#### AVAILABLE DATA

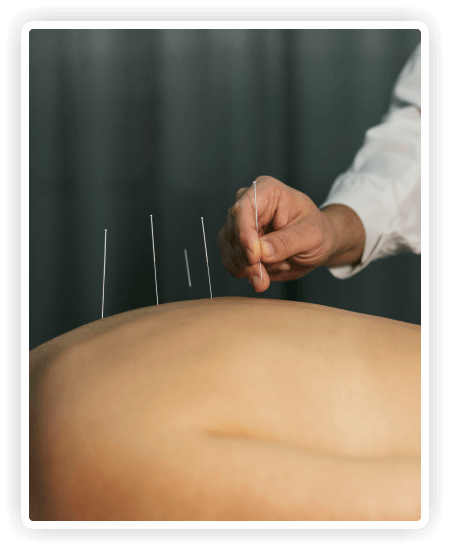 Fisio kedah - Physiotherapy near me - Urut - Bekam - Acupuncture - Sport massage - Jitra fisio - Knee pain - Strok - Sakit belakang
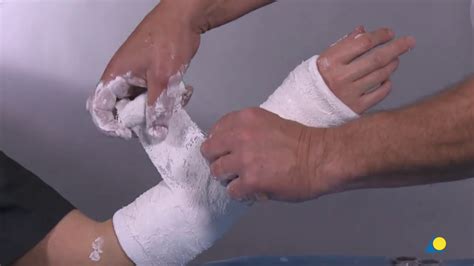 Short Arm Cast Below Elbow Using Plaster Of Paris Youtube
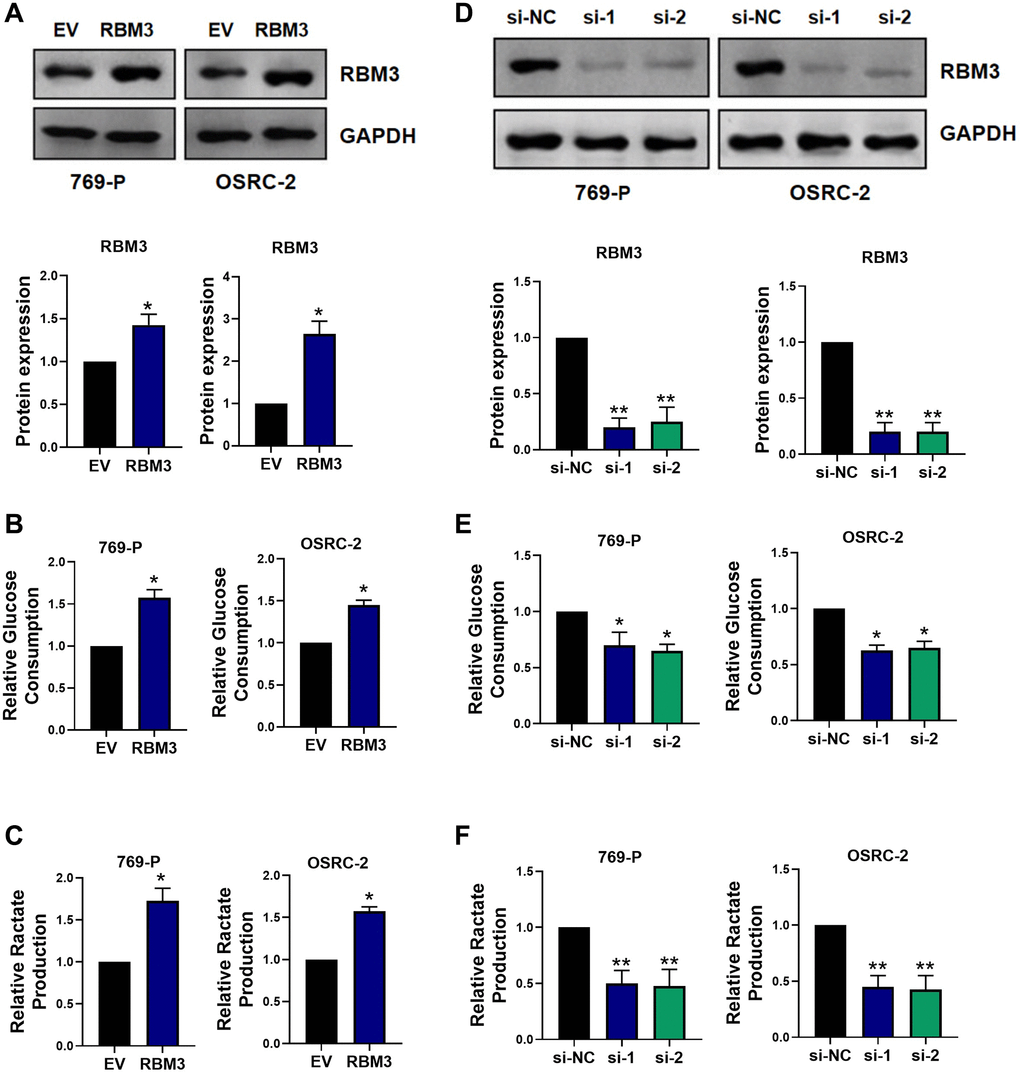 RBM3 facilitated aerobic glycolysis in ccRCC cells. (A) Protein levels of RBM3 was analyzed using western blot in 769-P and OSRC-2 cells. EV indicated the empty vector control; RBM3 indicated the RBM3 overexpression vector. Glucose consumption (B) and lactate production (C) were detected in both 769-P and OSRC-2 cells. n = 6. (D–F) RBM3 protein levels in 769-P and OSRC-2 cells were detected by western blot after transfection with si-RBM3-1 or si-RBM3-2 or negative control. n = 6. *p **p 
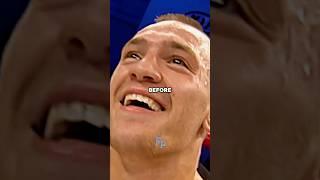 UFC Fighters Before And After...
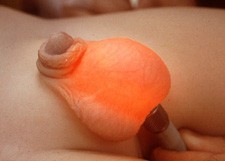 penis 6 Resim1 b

########
#### AVAILABLE DATA

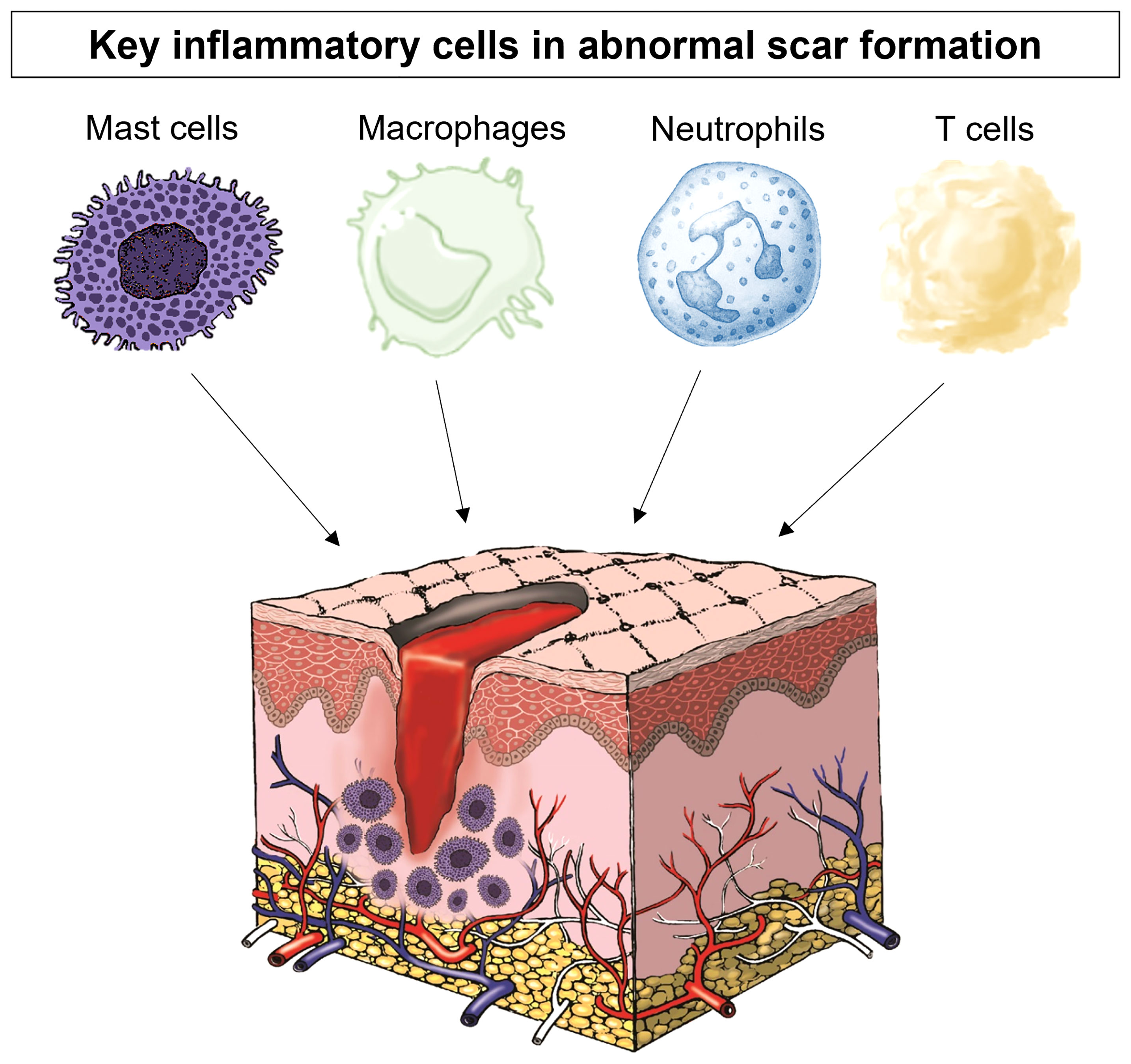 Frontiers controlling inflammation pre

########

» WHAT TO DO
Beginning with the line above that contains "Fisio kedah - Physiotherapy" and finishing with the line that contains "Short Arm Cast", print those lines exactly and only. Skip all pictures.

» SOLUTION BELOW
 Fisio kedah - Physiotherapy near me - Urut - Bekam - Acupuncture - Sport massage - Jitra fisio - Knee pain - Strok - Sakit belakang
 Short Arm Cast Below Elbow Using Plaster Of Paris Youtube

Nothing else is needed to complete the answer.